Live View (seeing the photo on the back of the camera instead of through the viewfinder) is not generally recommended. Use the viewfinder!
Except in a few special circumstances.
Namely, you would use Live View when you need accurate manual focusing. This is often the case when shooting macro, or product, or night pictures, when the camera’s autofocus either will not work well, or is not accurate enough.

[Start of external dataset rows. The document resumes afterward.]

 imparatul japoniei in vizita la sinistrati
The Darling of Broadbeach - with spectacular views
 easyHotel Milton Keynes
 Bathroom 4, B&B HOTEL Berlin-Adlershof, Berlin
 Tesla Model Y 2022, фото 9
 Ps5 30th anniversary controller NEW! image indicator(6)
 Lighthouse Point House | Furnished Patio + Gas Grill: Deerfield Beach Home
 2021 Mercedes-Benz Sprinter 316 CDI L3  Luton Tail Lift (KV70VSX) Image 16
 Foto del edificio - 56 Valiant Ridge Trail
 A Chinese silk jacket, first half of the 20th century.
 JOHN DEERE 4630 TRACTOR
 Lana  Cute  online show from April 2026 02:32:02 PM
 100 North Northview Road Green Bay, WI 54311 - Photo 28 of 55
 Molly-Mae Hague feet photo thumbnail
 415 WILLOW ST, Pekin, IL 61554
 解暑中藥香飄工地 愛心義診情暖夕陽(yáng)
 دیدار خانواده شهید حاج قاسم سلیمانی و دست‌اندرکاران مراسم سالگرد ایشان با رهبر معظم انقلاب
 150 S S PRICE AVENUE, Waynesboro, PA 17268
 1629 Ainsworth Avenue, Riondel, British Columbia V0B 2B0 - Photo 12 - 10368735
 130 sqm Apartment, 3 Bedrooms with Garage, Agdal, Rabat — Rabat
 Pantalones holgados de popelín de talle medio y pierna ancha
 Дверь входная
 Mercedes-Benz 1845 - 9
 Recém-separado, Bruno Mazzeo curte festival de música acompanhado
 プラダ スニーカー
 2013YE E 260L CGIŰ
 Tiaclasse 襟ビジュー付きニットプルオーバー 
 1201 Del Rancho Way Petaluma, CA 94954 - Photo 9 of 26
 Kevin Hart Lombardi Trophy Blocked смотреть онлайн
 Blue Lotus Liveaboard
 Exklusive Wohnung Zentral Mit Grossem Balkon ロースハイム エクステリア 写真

On many cameras, like on my Canon bodies, you can:
- Set focus to “manual” (slide on the lens goes to “M”);
- Put the camera on a tripod;
- Activate Live View;
- Zoom in on the preview (press the “+” loupe symbol, or just the loupe symbol on many Nikon bodies). Repeatedly: on the Canons, when you press it twice, the preview shows (10x” (i.e. 10x magnification);
- Now focus accurately by hand;
- Now turn off live view.
You are now ready to shoot. Ensure that your subject and camera do not move, and that you do not zoom in or out after focusing (most lenses will lose focus if you do), and especially, that you do not accidentally move the focus ring.
I am writing this as I prefer to do some night sky shots in the next few days, provided I can find a clear sky without too much light pollution.
By the way, my favourite lens for night sky shots is my 35mm f/1.4, which offers pretty much the best combination of:
- Large real aperture diameter (means more light gathering) and
- Wider angle (means longer times are possible without creating star trails. To understand why, imagine a telescope: the longer it is, the more the stars will move).
14 seconds at 1600 ISO at f/1.4 should do it. And at that aperture, accurate focusing is essential—which brings us back to where we started: manual focus using Live View.